The term ’embodied carbon’ refers to the Greenhouse Gas (GHG) emissions arising from the production and manufacture of materials and products.

This includes all emissions associated with the equipment that makes the materials, intermediate transport, and all other business operations to bring a product to market and installation in the building.

Generally, it can be described as ‘upfront carbon’ (Stages A1-A5), ‘use/ replacement’ (Stage B) and ‘end-of-life’ (Stage C).

The key standards for embodied carbon accounting are: ISO14044, ISO14067, and ISO21930.

Right: General Embodied Carbon stages across the building life. 

Globally, Embodied Carbon of materials accounts for ~50% of all annual human-made GHG emissions from fossil fuels.

Global consensus agrees on the need for an immediate 40% reduction in embodied carbon today, moving towards 65% by 2030, and net zero by 2040. Below are some examples from key industry bodies:

EMBODIED CARBON TARGETS

World Green Building Council: -40% from average practice by 2030, Net Zero by 2050

Royal British Institute of Architects (RIBA) & London Energy Transformation Initiative (LETI): -40% immediately, -55% by 2025, -70% by 2030, Net Zero by 2040

American Institute of Architects (AIA): -40% immediately, -45% by 2025, -65% by 2030, Net Zero by 2040

Green Building Council of Australia (GBCA): Net Zero by 2030

Low Carbon Living CRC: Start Best Practice Method of Measurement & Report immediately, Mandatory Quotas by 2025, -70% by 2030, Net Zero by 2040

 

Left: GHG Emissions by end-use. Adapted from Architecture 2030, 2018.

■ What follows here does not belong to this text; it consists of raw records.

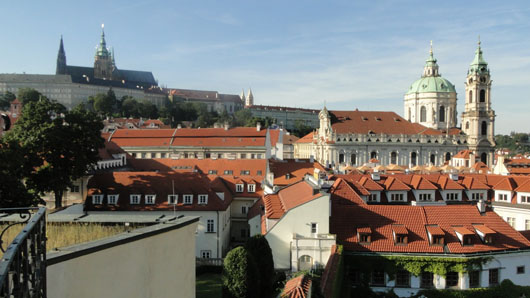 Vrtbovská Garden - View to the St. Nicholaus Church & St. Vitus´s Cathedral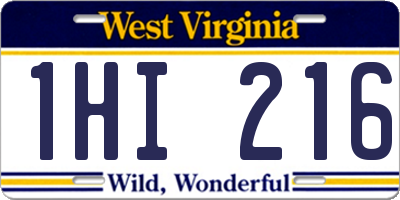 WV license plate 1HI216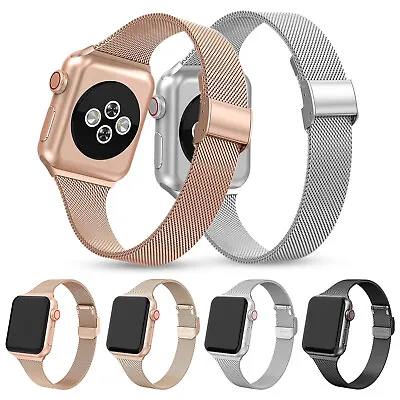 $8.51 • Buy Milanese Slim Band Thin Strap For Apple Watch Series 5 4 3 2 44mm 40mm 42/38mm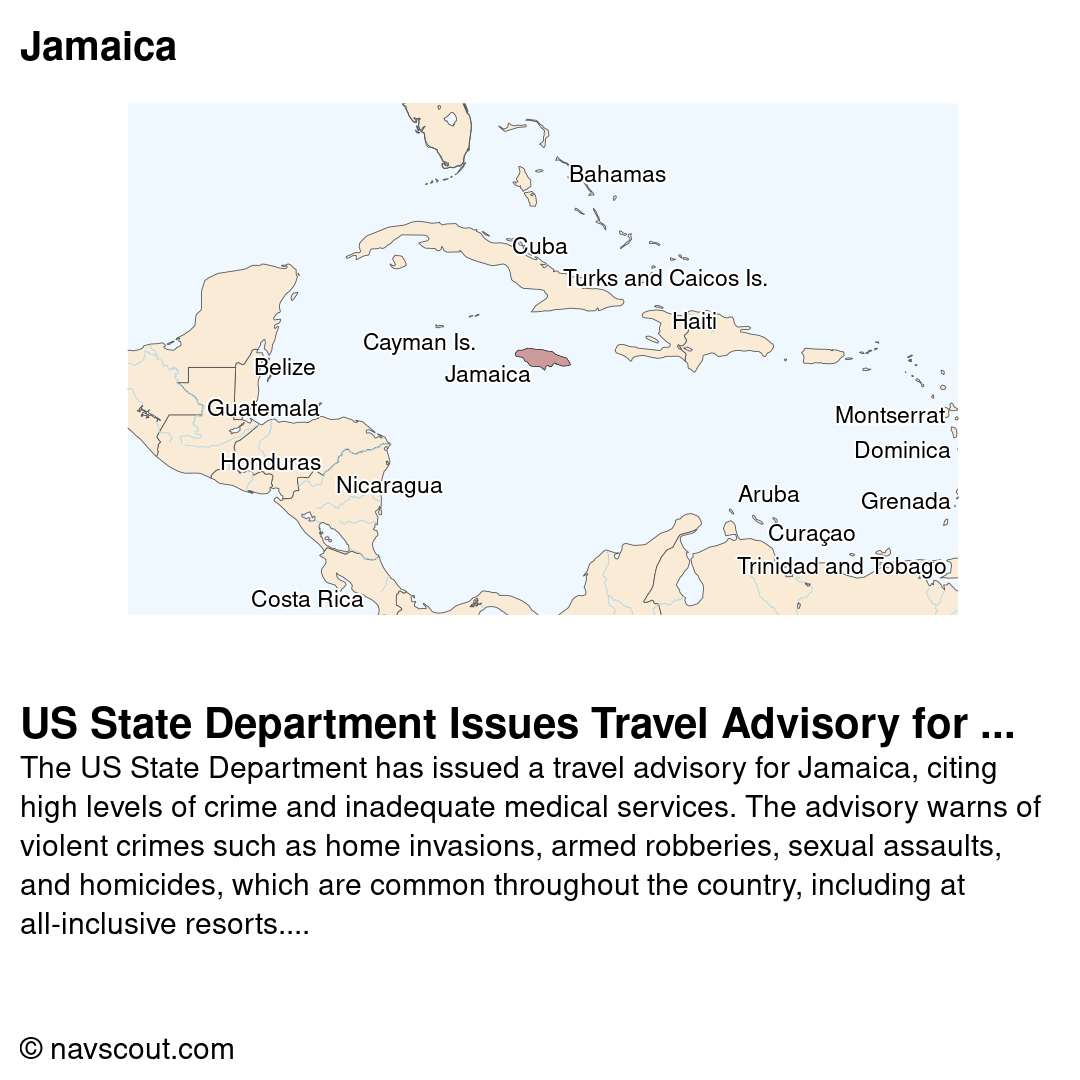 us issues travel advisory jamaica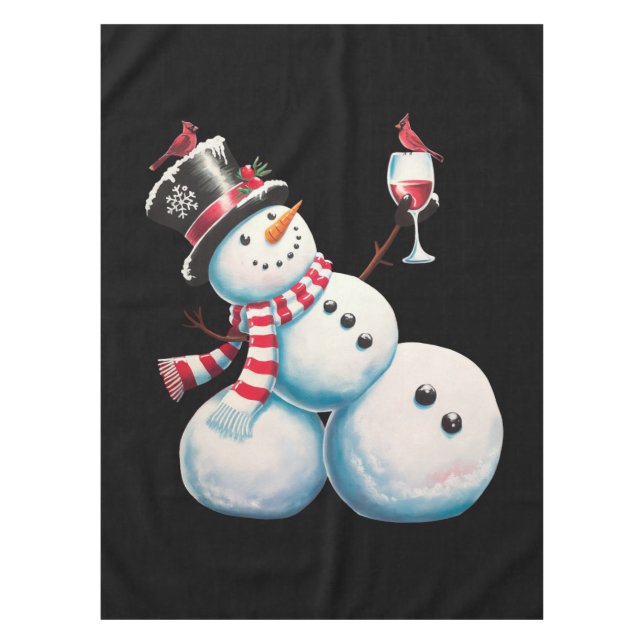 Mantel Hombre de nieve con Navidades de vino regalo diver (Anverso)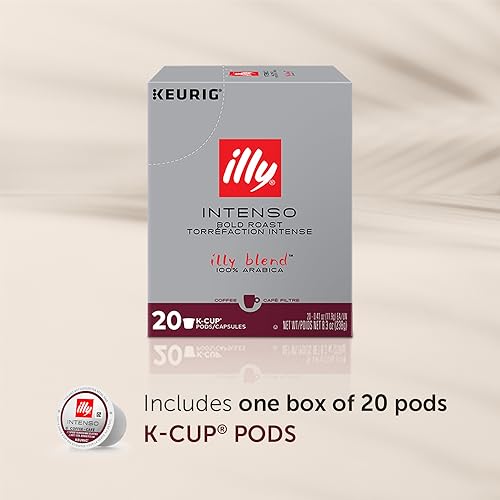 Illy Coffee K Cups - Pods For Keurig Machines – Intenso Dark Roast – Notes of Cocoa & Dried Fruit - Bold, Flavorful & Full-Bodied Flavor - No Preservatives – 20 Count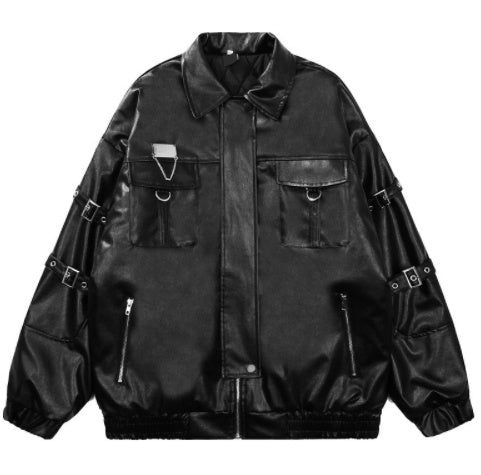 High Street Hot Sale PU Leather Jacket Coat Streetwise Luxury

Due to current supply chain practices, it isn’t possible to make a  building without an upfront embodied carbon impact. In order to balance to ‘zero’, we need to use offsets.

Net Zero Carbon and Carbon Neutral both describe design and construction approaches in which a project’s carbon emissions have been reduced as far as possible, and the remaining amount is ‘offset’ using an equivalent-sized carbon-positive investment of some kind, to bring the total carbon to zero. These offsets can occur either on-site or off-site.

The example on the right illustrates two methods of accumulating enough carbon-negative offsets to balance the remaining embodied carbon total.

The first steps during design and construction, in which circular economy principles are applied to ‘chase out’ embodied carbon, are typically cost neutral.

Using this methodology to fully offset a project with a 40% reduction in average embodied carbon would cost around AUD$20-30/ sqm for a single residential home to almost AUD$100/sqm for an A-grade office.

Contact us for assistance with feasibility and planning for offsetting embodied carbon in your projects.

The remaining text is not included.